### REQUIREMENT
Transcribe the entries below exactly, starting with the line that has "2015 Volkswagen Passat" and stopping after the line that has "Bán ô tô Kia Sedona 2.2L DATH - 2018 - xe cũ"; no pictures belong in the copy.

### PROVIDED RECORDS
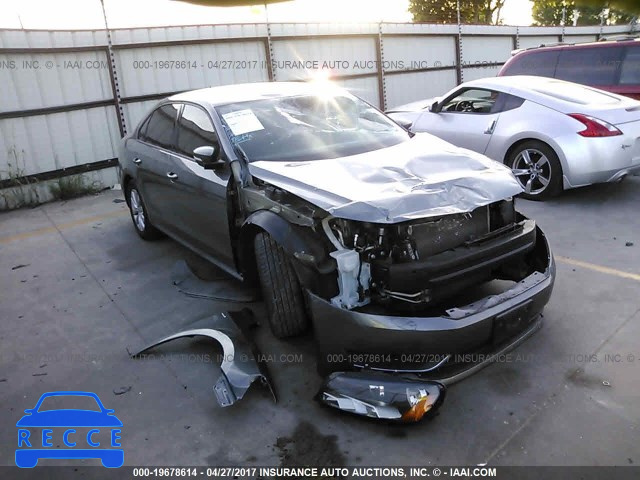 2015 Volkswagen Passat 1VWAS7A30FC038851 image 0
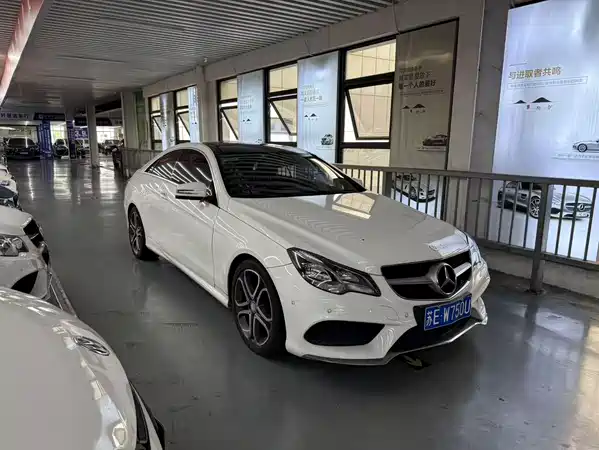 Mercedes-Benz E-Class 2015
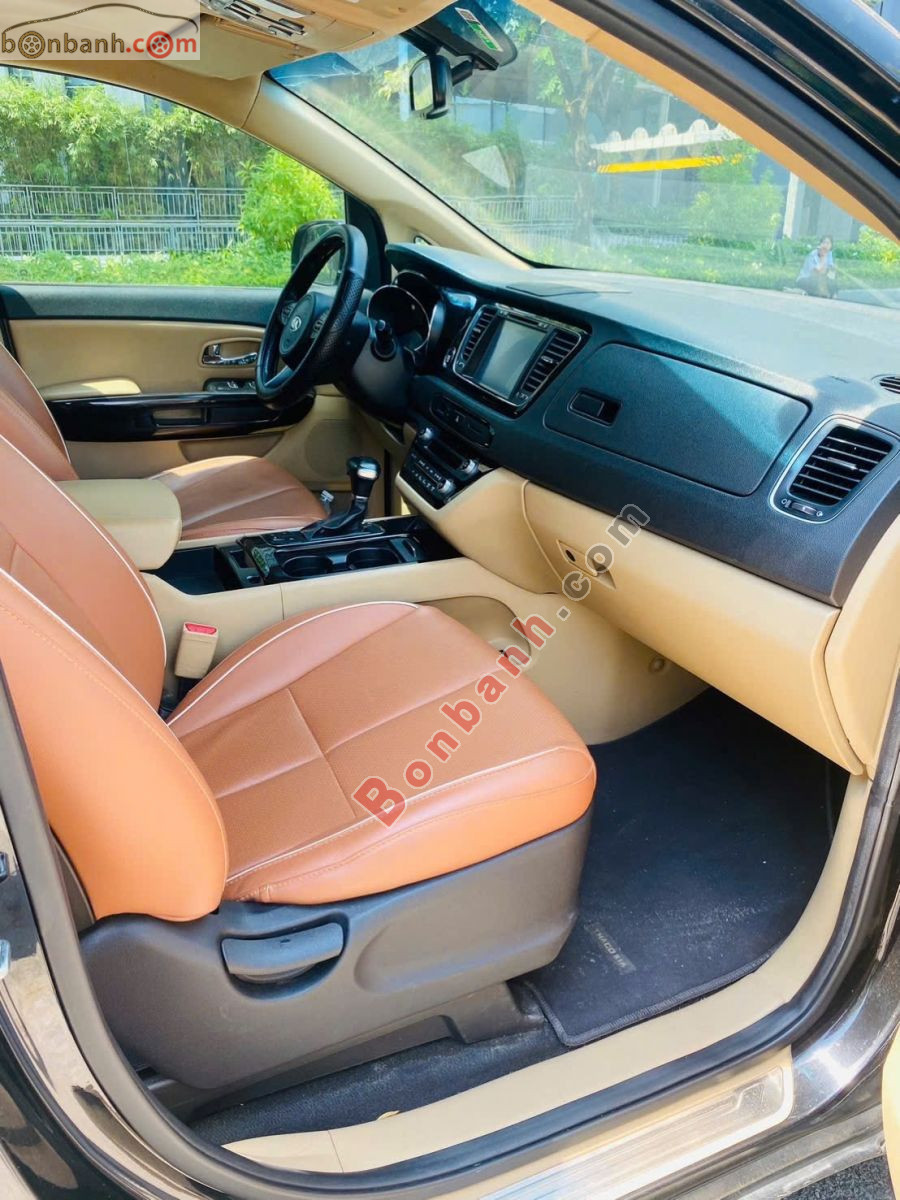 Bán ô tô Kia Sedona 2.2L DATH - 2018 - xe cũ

--

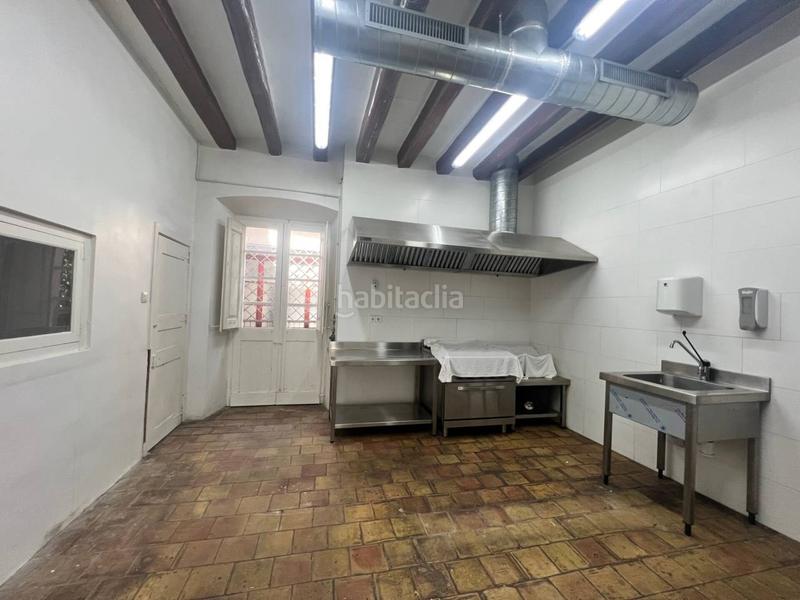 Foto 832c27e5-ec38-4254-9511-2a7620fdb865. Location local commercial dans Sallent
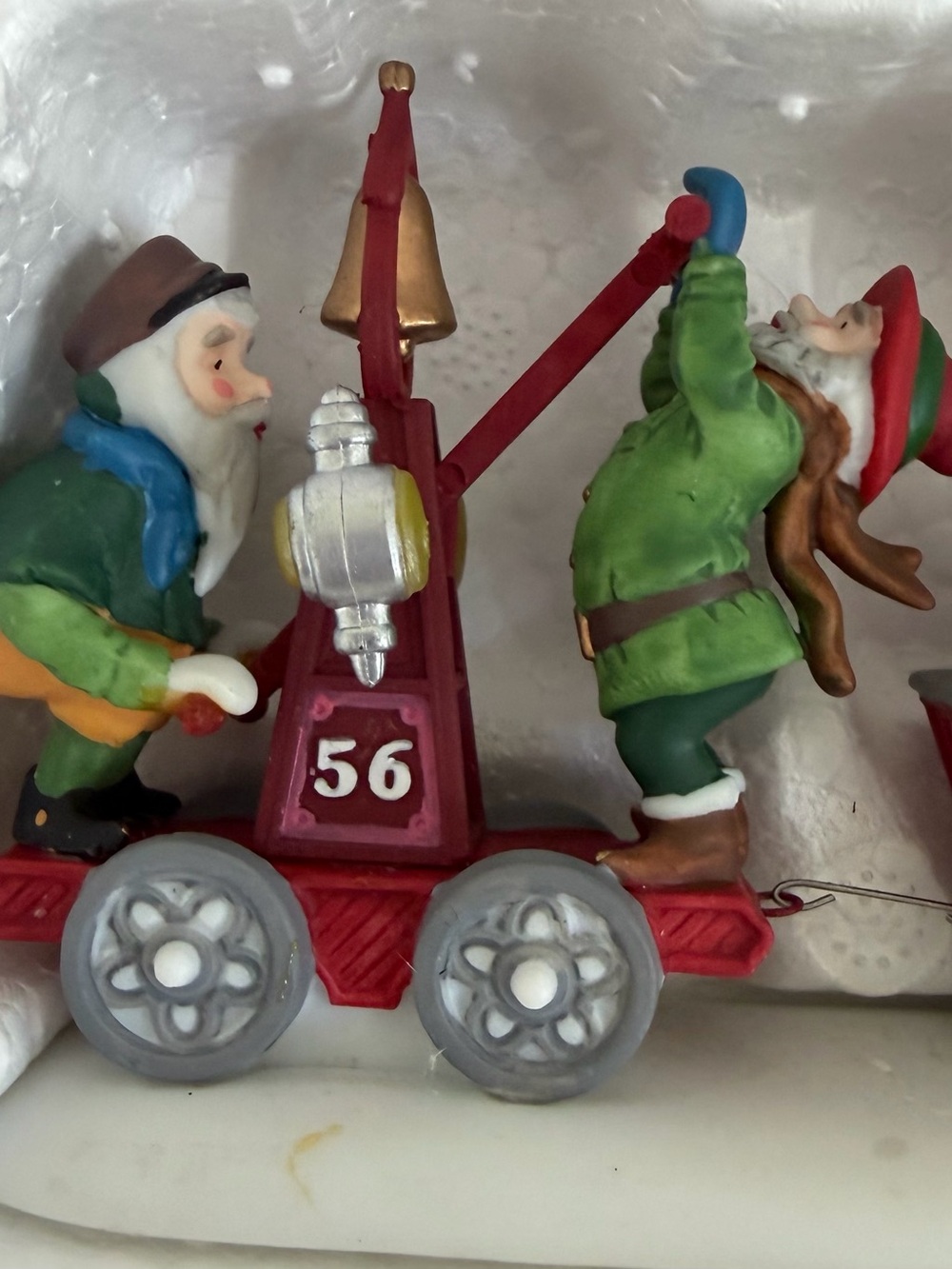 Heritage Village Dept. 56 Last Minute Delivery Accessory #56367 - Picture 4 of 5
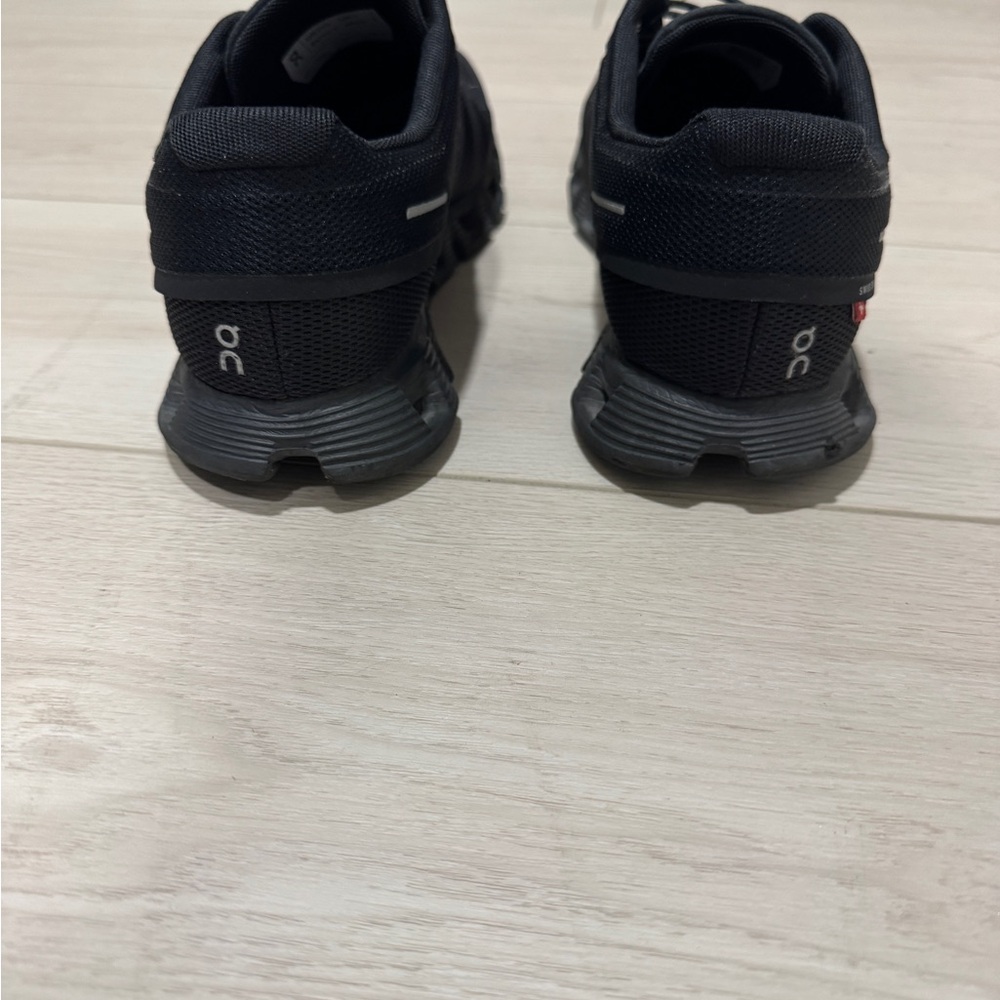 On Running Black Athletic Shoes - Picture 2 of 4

* * *

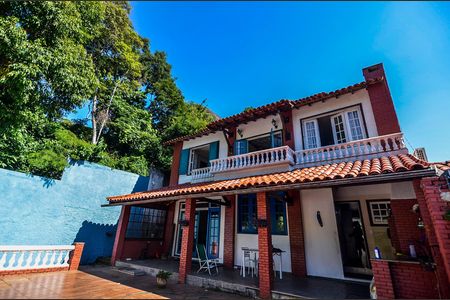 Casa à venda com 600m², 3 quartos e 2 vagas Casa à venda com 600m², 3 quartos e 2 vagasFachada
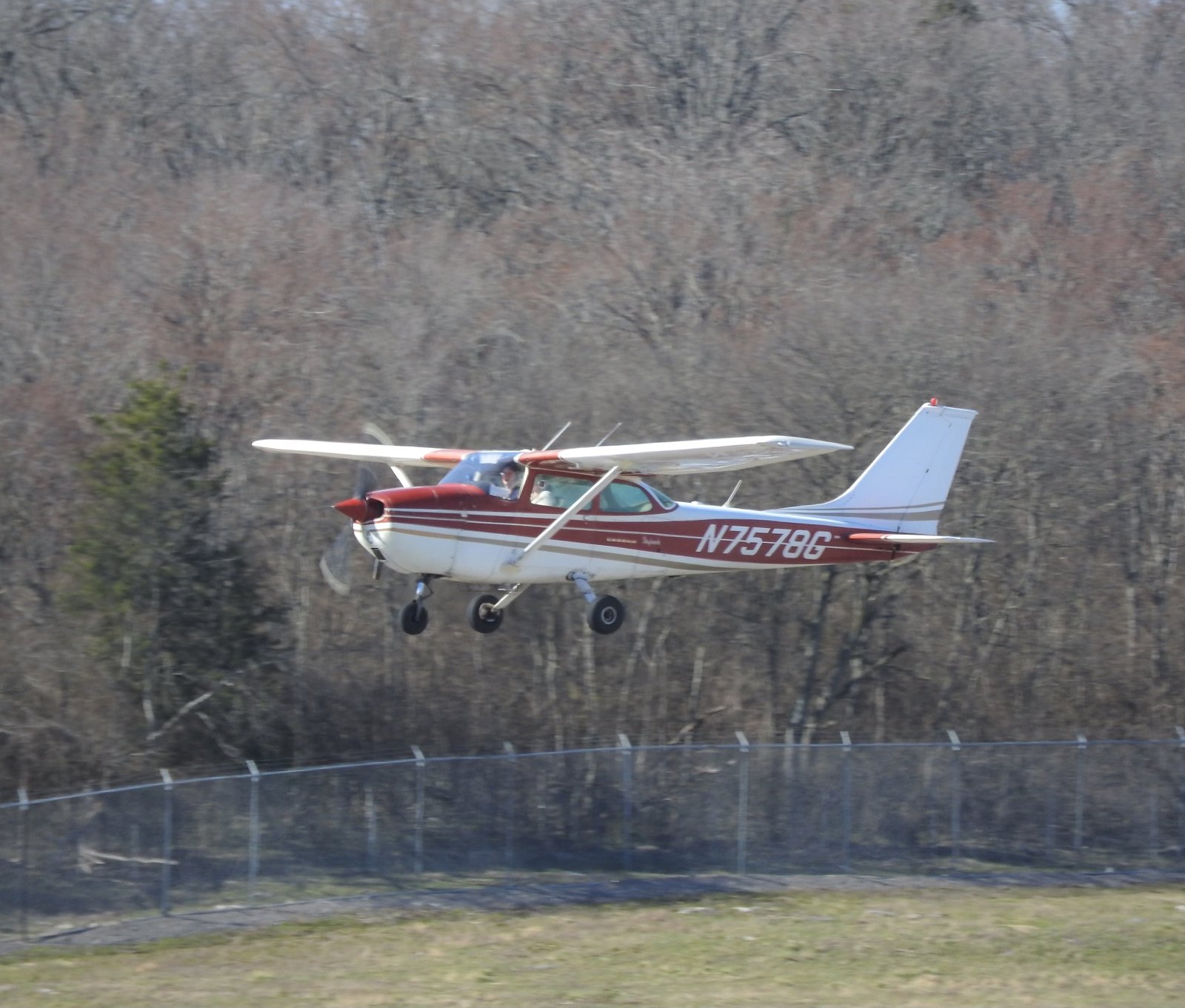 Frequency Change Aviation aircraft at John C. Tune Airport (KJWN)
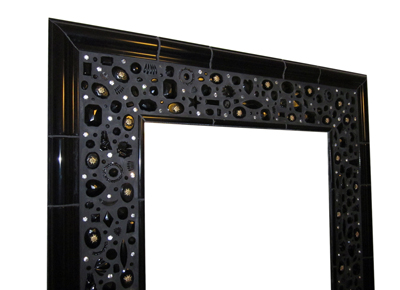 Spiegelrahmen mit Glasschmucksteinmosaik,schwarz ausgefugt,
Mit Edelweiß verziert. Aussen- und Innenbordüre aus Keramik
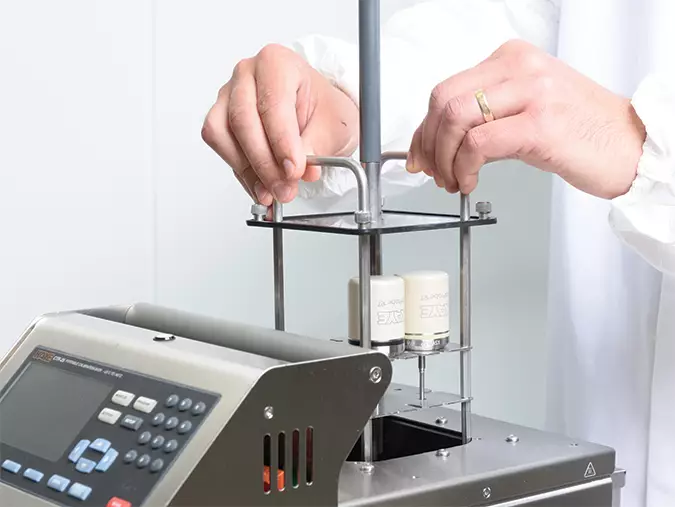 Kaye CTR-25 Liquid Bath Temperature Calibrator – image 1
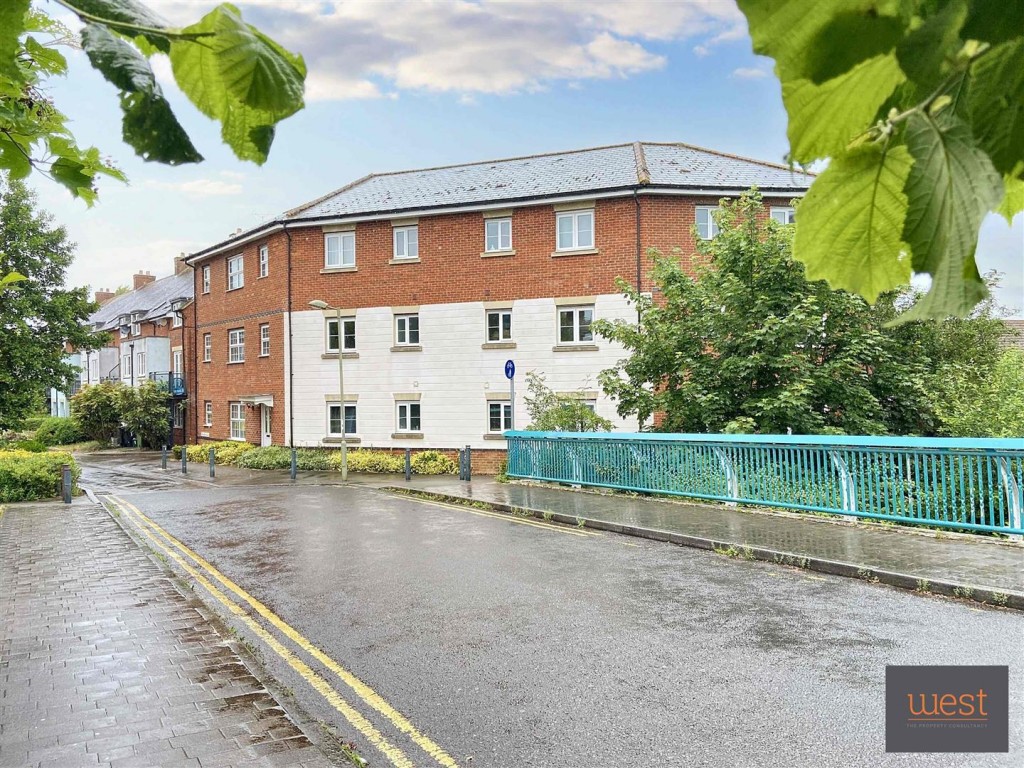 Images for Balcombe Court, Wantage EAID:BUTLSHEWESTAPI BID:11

### RESPONSE TO THE EXERCISE
 2015 Volkswagen Passat 1VWAS7A30FC038851 image 0
 Mercedes-Benz E-Class 2015
 Bán ô tô Kia Sedona 2.2L DATH - 2018 - xe cũ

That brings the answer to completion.